- [AIM OF THE TASK]: From the line containing "Prevencion fiebre amarilla" to the last line of the records below, retype every line exactly and output nothing else.

* * * * * * *

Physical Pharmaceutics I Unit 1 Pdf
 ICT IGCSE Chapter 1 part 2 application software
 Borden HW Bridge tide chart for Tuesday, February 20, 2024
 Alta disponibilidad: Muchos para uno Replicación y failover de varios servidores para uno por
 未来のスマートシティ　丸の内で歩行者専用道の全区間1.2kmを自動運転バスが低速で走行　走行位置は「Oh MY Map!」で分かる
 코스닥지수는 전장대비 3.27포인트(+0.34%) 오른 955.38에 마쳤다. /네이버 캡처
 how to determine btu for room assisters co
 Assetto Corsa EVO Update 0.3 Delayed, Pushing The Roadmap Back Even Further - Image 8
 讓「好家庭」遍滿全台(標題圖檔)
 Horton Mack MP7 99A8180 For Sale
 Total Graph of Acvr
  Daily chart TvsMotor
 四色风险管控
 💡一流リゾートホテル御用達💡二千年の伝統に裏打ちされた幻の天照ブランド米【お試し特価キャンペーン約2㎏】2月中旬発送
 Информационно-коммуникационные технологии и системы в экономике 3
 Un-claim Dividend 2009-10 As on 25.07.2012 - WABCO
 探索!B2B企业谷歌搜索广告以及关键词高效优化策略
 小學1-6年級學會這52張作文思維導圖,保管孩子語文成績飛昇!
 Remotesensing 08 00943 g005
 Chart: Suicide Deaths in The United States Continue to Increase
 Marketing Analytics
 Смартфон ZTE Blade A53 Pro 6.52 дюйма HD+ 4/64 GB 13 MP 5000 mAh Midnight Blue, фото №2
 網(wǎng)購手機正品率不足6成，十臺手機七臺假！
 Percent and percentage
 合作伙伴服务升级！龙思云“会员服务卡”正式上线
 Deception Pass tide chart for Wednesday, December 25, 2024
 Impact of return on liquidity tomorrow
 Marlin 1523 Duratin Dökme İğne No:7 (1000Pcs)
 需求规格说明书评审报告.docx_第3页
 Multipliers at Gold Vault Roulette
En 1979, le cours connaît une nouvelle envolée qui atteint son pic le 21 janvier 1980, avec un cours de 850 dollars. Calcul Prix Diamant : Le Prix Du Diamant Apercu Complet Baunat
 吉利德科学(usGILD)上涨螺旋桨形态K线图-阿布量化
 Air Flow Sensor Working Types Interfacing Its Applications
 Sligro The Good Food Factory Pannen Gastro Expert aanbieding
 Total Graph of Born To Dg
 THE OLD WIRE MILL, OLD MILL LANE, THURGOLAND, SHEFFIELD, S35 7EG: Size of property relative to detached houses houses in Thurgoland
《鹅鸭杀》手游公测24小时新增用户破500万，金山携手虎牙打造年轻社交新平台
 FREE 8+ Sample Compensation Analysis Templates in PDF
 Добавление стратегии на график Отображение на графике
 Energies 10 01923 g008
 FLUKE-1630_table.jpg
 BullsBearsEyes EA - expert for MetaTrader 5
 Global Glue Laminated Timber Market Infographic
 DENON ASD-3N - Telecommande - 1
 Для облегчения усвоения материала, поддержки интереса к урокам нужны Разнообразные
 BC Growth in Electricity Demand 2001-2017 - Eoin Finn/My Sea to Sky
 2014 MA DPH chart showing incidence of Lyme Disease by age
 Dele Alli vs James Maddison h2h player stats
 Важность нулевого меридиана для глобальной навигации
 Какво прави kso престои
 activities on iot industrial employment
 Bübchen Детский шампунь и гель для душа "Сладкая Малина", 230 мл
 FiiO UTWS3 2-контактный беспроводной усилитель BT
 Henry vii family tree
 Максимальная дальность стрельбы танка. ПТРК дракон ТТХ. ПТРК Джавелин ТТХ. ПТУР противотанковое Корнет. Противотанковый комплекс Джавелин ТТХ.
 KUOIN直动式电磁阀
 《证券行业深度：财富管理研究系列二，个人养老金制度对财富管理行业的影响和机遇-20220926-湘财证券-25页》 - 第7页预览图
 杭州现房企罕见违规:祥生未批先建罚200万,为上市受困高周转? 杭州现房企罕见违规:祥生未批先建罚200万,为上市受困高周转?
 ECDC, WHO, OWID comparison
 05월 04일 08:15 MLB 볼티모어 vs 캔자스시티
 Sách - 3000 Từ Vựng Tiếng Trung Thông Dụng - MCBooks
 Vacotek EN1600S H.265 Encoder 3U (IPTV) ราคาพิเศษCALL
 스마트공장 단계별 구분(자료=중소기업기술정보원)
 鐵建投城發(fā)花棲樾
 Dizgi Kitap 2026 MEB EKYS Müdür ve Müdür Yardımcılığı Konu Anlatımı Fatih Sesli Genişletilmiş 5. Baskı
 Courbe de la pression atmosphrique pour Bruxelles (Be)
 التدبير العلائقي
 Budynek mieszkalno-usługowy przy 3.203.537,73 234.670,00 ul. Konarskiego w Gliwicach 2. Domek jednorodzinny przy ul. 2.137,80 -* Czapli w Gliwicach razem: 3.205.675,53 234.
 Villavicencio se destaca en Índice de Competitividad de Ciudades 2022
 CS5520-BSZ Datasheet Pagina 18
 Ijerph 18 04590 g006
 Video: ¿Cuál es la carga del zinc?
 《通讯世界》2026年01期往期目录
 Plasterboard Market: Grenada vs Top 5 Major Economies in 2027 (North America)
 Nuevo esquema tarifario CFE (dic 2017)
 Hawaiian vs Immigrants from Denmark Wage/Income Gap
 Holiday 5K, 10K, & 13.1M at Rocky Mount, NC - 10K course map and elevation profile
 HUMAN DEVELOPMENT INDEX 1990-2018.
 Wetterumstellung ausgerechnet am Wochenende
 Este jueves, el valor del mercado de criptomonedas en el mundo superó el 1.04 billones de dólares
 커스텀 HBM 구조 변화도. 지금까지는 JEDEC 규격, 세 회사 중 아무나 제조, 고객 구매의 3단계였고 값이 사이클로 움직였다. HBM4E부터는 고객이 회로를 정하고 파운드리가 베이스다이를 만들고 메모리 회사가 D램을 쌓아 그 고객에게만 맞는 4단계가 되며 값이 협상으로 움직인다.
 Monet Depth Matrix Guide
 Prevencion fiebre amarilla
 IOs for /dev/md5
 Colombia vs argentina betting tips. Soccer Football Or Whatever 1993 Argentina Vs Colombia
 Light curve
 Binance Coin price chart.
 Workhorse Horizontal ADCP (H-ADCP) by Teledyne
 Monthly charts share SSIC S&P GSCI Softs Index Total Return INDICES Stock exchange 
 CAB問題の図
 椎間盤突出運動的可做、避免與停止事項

* * * * * * *

- [EXERCISE SOLUTION]:
 Prevencion fiebre amarilla
 IOs for /dev/md5
 Colombia vs argentina betting tips. Soccer Football Or Whatever 1993 Argentina Vs Colombia
 Light curve
 Binance Coin price chart.
 Workhorse Horizontal ADCP (H-ADCP) by Teledyne
 Monthly charts share SSIC S&P GSCI Softs Index Total Return INDICES Stock exchange 
 CAB問題の図
 椎間盤突出運動的可做、避免與停止事項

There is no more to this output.